Vine Crop Care (cont)
By: National Gardening Association Editors
Side-dressing is the application of a small amount of balanced commercial or organic fertilizer to your plants once they're four to five weeks old. It's called side-dressing because you place food a few inches to the side of the plants, where it will gradually seep down to the roots. This boost helps the plants increase production of high quality fruit, and it's especially important for vine crops.
During the plant's development there comes a time when it stands upright at a height of 12 inches or more. That's the time to side-dress. The next time you see it, it will have flopped over and the vines will start to run or sprawl along the ground as they grow. At that point, the plants put their energy into producing vines, blossoms and fruit, and they can really use the extra food.

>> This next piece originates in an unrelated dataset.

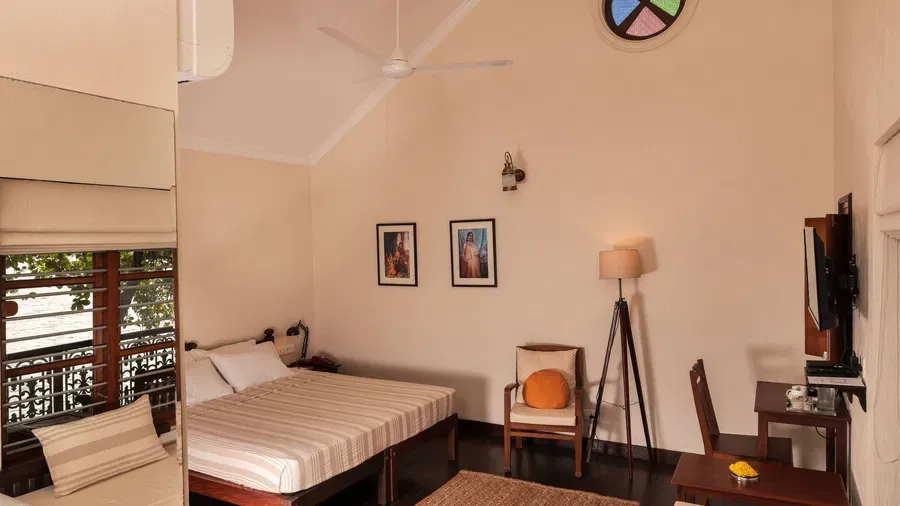 A view of a king size bed in Lake Front Verandah Room at Samiira on Ashtamudi Lake.
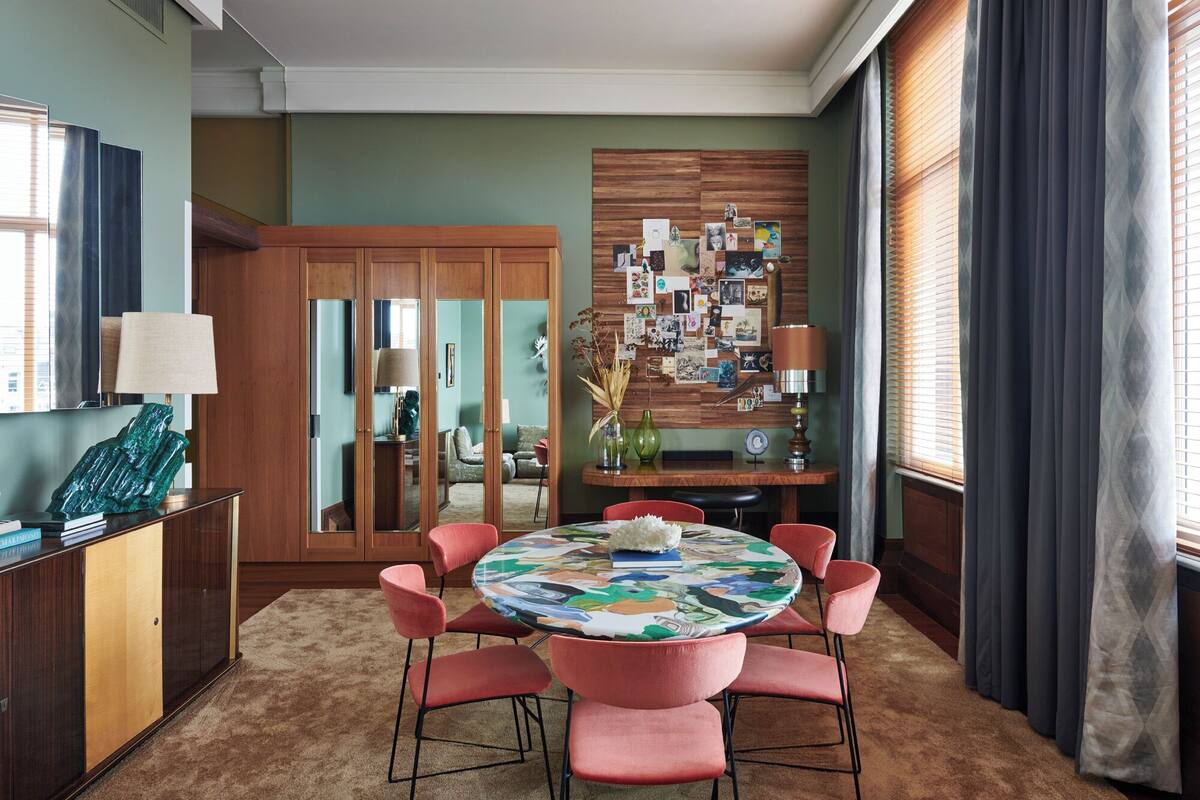 A dining area with a round table, pink chairs, and a wall decorated with photos.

If you're using balanced commercial fertilizer such as 10-10-10, make a shallow furrow down both sides of each row, or around each hill, about four to five inches away from the base of the plants. Sprinkle the fertilizer evenly in the furrow -- one tablespoon for each two to three feet of row, and the same amount around each hill. Cover the fertilizer with one inch of soil.
If you side-dress with bulky organic matter, such as manure, make the furrow deeper and a few inches further from the plants. Spread the manure evenly in the furrow and cover it with an inch or two of soil.
Make it your golden rule to underfertilize if there's any doubt about how much to add. It's easy to do your plants more harm than good with "one more handful for good measure."